If truth be told, only half the STAR TREK movies are
really any good in the annals of film history and
NEMESIS is hardly the worst of the series. With its
parallel plotlines concerning self-identity and
familial connection, NEMESIS easily paints the most
intricate tapestry of any TNG pic, even if its full
potential is never entirely realized. The overarching
criticism in my original review was that the film
seemed over-edited, with scenes like Picard and Data
talking about the future sucked out in favor of action
segments like the chase sequence on Kolarus III (a
portion that many seem intent on sucking any enjoyment
from by insisting that it was a violation of the Prime
Directive, even though the Kolaruns fired first).
Upon re-watching the film, however, the final cut is
probably as close to the best one that could have been
managed. There remain several long dialogue exchanges
that, while full of wonderful STAR TREK-ism like the
debate that Picard undertakes with Shinzon,
would've severely jeopardized the pace of the movie if
they had been any longer.

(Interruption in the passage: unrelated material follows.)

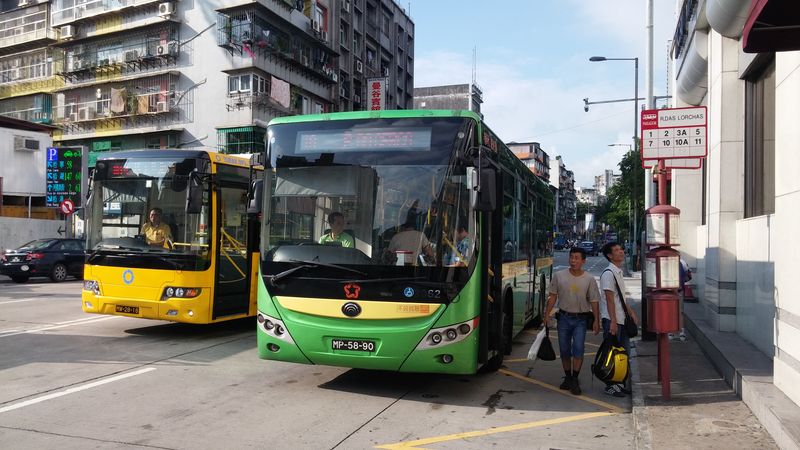 Třetím dopravcem MHD je společnost  Nova Era de Autocarros Públicos s těmito zelenými autobusy. Zastávky i jízdní řády jsou společné pro všechny tři dopravce. Dalším společným prvkem je zastavování u nástupních hran zastávek, které vytváří dostatečný prostor pro chodce na vozovce, když je šířka chodníku příliš malá. Zelený dopravce provozuje celkem 35 linek.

After watching several of
these moments in the DVD's deleted scene gallery, I've
come to the conclusion that many of the problems were
rooted in the script and couldn't have been remedied
through editing without significant rewrites.
All in all, NEMESIS is guilty of little more than some
questionable costume design and insensitivity to
the fact that what the fans say they want may not really be
what they want. But then again, there's really no
evidence to suggest that the fans let NEMESIS down so
much as it was scheduled among a plethora of broader-appealing event pictures a mere
five days before the Oscar-contending film of the moment. The critics, however, would have us believe NEMESIS bombed because it was the worst film since WATERWORLD or some other colossal misfire. Unfortunately for STAR TREK, it's a myth more easily debunked in the calm of hindsight and six months too late.

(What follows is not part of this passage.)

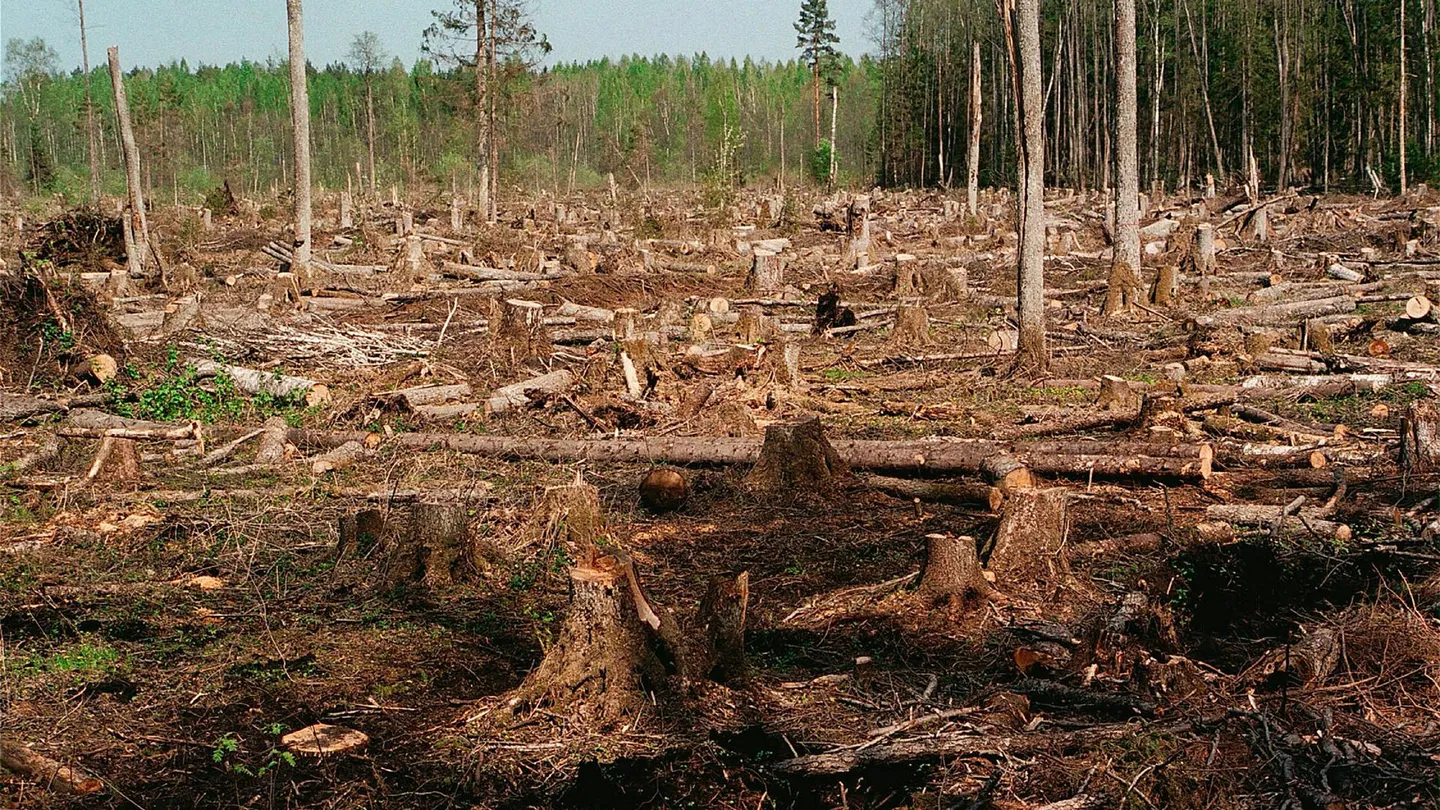 Варварская вырубка леса в тайге. Вырубка лесов в Новосибирске. Вырубка деревьев. Вырубленные деревья. Лишить лесов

The NEMESIS DVD comes with something of a first in the world of STAR TREK: never before seen deleted scenes from the movie. Seven of them, in fact. This is the first TREK movie to release this type of material so soon after theatrical release and certainly the only TNG film to do so. GENERATIONS and INSURRECTION both had a lot of footage excised, none of which has surfaced officially from Paramount. With NEMESIS it was almost a given there would be some on the disc, considering 45 minutes of footage was cut from the final version of the movie. Thankfully, the folks at Paramount Home Entertainment were successful in coaxing Rick Berman from his anti-lost footage stance for this release. Surprisingly, he had little to fear.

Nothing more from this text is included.